Global Financial Data has added new data for GDP, including measures for Global GDP, regional GDP and data on several countries not previously covered. GFD has also added data on the Purchasing Managers’ Index for 50 countries.
GFD users now have access to a global measure of GDP, both in real and nominal terms, which they can use as a benchmark against the GDP other countries and regions. The nominal World GDP file (GDPWLD) goes back to 1960 and the Real World GDP file (GDPCWLD) goes back to 1950. Both files have 20 years of quarterly data.
In addition to this, GDP files based upon region and income have been added as well. This includes real GDP data for high-income, middle-income and developing countries. GDP files for high-income countries are further broken down into GDP files for OECD and non-OECD countries. GDP files for developing countries are broken down by geographic region, providing indices for Latin America, East Asia, Sub-Saharan Africa, the Middle East and Eastern Europe.
GFD has expanded its quarterly GDP data to include Qatar, Guatemala, Honduras, Nicaragua, Azerbaijan, Qatar, Vietnam and Ghana.
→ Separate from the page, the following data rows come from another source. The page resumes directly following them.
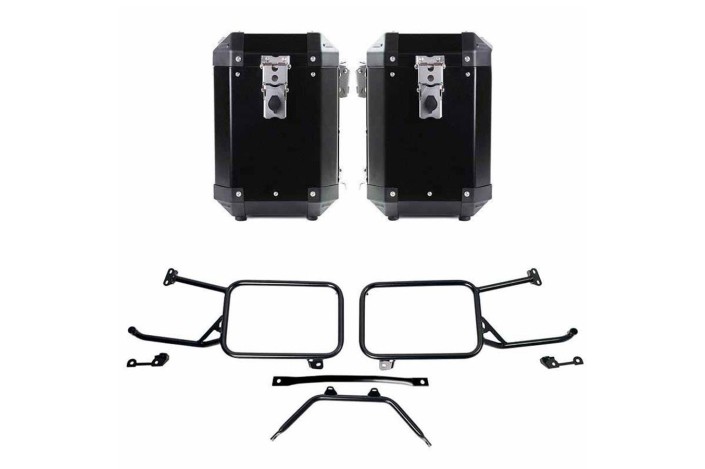 COPPIA di BORSE ATLAS ALLUMINIO 47L+47L + TELAI UNIT GARAGE per MOTO GUZZI STELVIO 2024-2025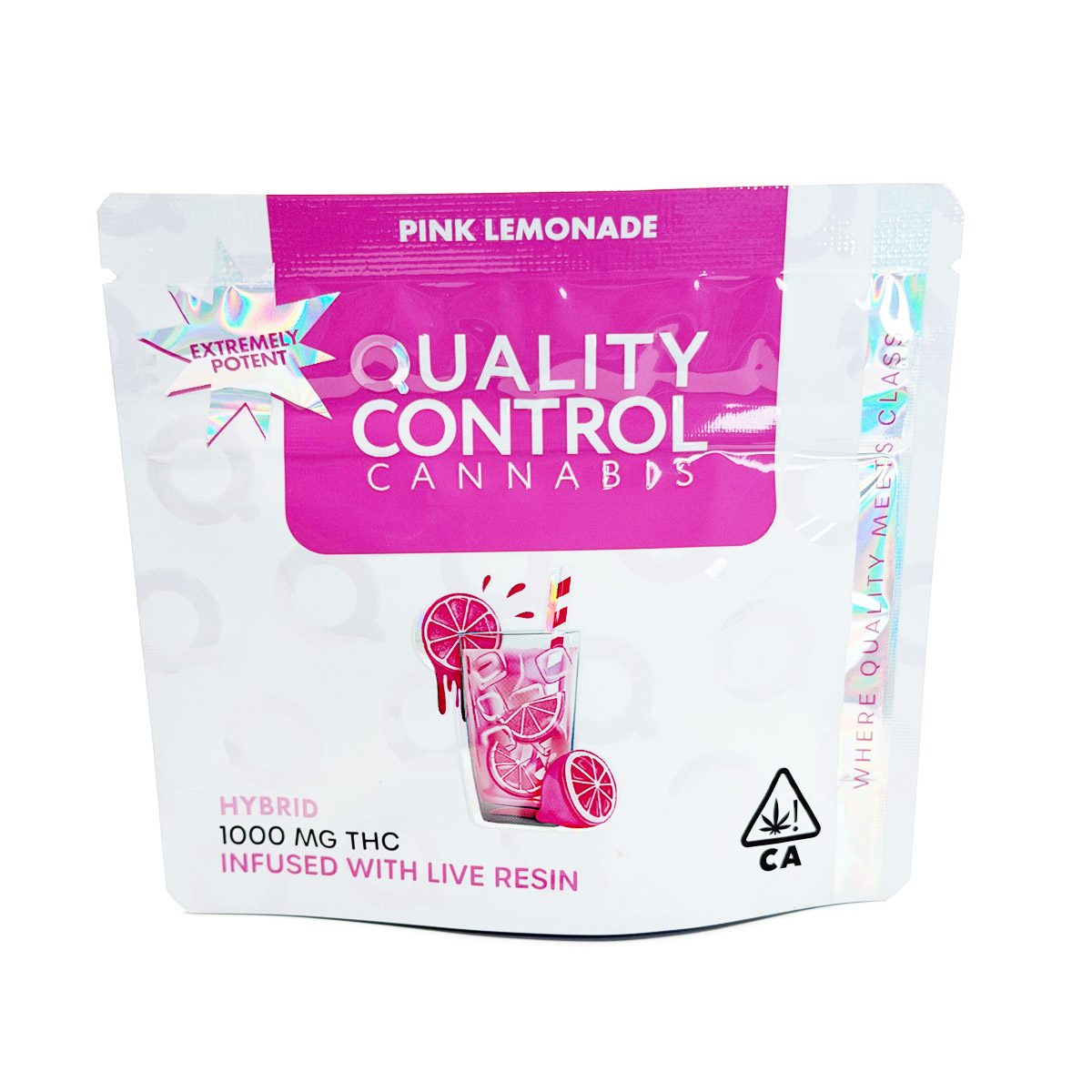 Quality Control Cannabis Live Resin Infused Pink Lemonade (Hybrid) 1000mg (10x100mg) Edible Gummies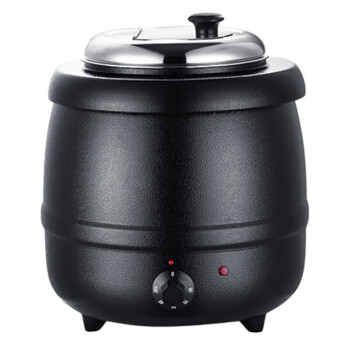 菲迪斯 自助餐电子暖汤煲电加热保温锅304不锈钢汤桶炉10升黑汤煲小口盖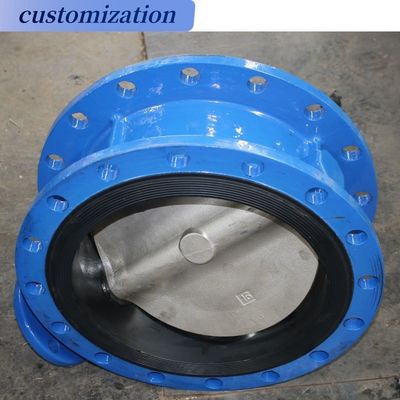 Waterverwarmingservicekleppen INDUSTRIËL Pn16 Worm Gear Ductile Iron Double Flange Excentric Butterfly Valve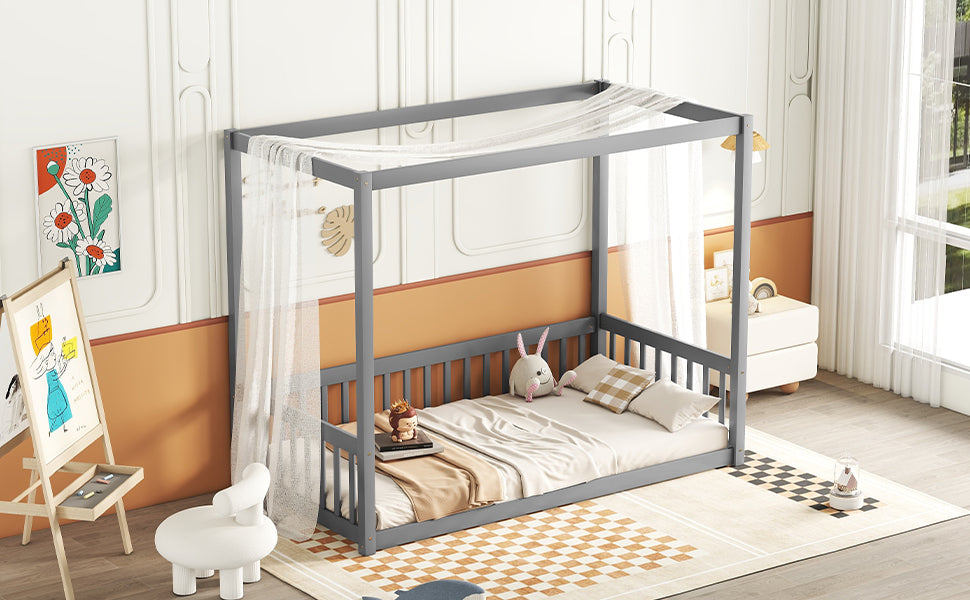 Leoglint Twin Size Canopy Frame Floor Bed Frame with Fence, Guardrails,Grey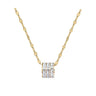 Colier auriu, din otel inoxidabil, cu pandantiv rotund, suflat cu aur 18k, Alvina C1 - Pursehuit.ro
The Purchasing Managers’ Index provides a useful tool for analyzing macroeconomic trends. Purchasing managers form a near ideal survey sample base, having access to information often denied to many other managers. Due to the nature of their job function, it is important that purchasing managers are among the first to know when trading conditions, and therefore company performance, change for the better or worse. Markit, which calculates the indices, uses such executives to produce data on business conditions. In each country, a panel of purchasing managers is carefully selected by Markit, designed to accurately represent the true structure of the chosen sector of the economy as determined by official data. Generally, value added data are used at two-digit SIC level, with a further breakdown by company size analysis where possible. The survey panels therefore replicate the actual economy in miniature. A weighting system is also incorporated into the survey database that weights each response by company size and the relative importance of the sector in which that company operates. Particular effort is made to achieve monthly survey response rates of around 80%, ensuring that an accurate picture of business conditions is recorded over time. Data are collected in the second half of each month via mail, email, web, fax and phone.